En el teatro, la frontera entre la risa y el desencanto suele ser apenas un matiz. A partir de esa premisa, los actores mendocinos Gustavo Muñoz y Javier Griego Falcón le dan forma a Dos extraños en la noche, una propuesta escénica que toma el pulso de la calle y de las pequeñas tragedias cotidianas para transformarlas en material dramático.
La obra se presentará este sábado 5 de septiembre, a las 21.30, en Vortex Bar (Avenida Mitre y Coronel Plaza, Ciudad de Mendoza).
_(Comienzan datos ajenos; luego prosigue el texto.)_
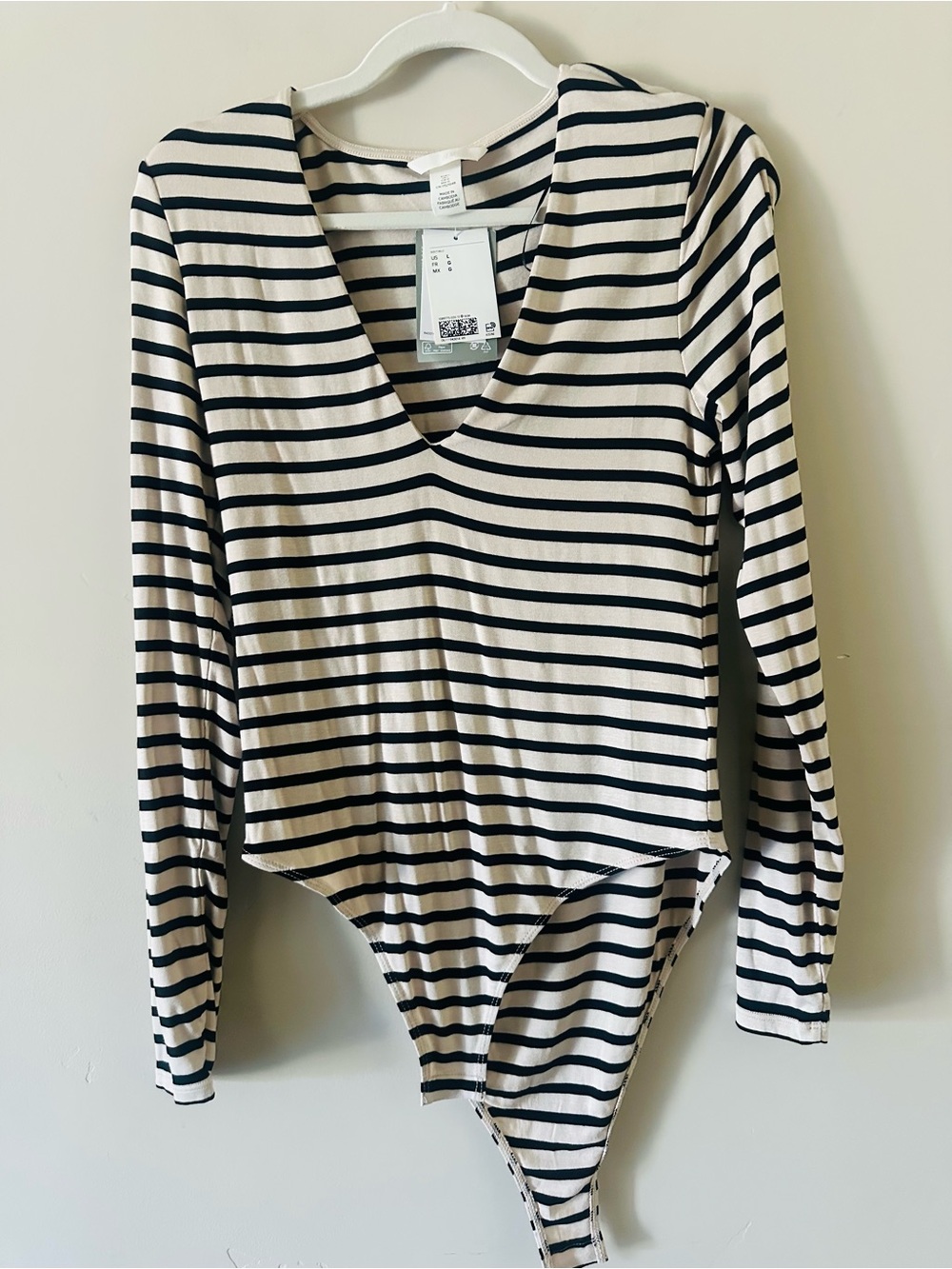 H&M Black & Cream Striped V-Neck Long Sleeve Bodysuit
Las entradas tienen un costo de $10.000 y se pueden adquirir de forma anticipada en la plataforma Entrada Web o directamente en la taquilla del lugar antes de la función.
Dos extraños en la noche: personajes estrafalarios, pero reconocibles
A través de una estructura de cuadros independientes, la pieza prescinde de un relato lineal para construir un mosaico de situaciones y personajes que resultan tan estrafalarios como reconocibles.
Dos tangueros propensos a convertir cualquier imponderable menor en un drama épico; una dupla de titiriteros cuyos roces personales terminan por invadir el espectáculo; y un grupo de cartoneros que rescata chispazos de poesía entre el desecho de la ciudad forman parte del desfile de criaturas que habitan el montaje.
Gustavo Muñoz y Javier Griego Falcón en la obra de teatro Dos extraños en la noche
La propuesta abre un diálogo con la tradición del grotesco argentino y la comedia de caracteres, géneros que históricamente han sabido retratar las contradicciones sociales desde el humor sin perder la empatía por sus criaturas. En ese ida y vuelta entre el absurdo y la emoción, la obra indaga en cuestiones tan transversales como la amistad, el trabajo, el amor, la memoria y la propia necesidad de seguir imaginando cuando el entorno amenaza con desmoronarse.
Algo más que comedia
En escena, Muñoz y Falcón —quienes también firman la autoría y la dirección general— apuestan a un juego de transformaciones rápidas y versátiles.
El objetivo no se agota en el remate cómico ni en la efectividad del chiste, sino en propiciar un punto de encuentro sincero con la platea a partir de las tensiones, los sueños y las batallas mínimas que definen la experiencia común.
El equipo detrás del proyecto se completa con Loly Aibar en el diseño gráfico, Ayelén Rubia en la comunicación y difusión en redes, y Carolina March en la producción general.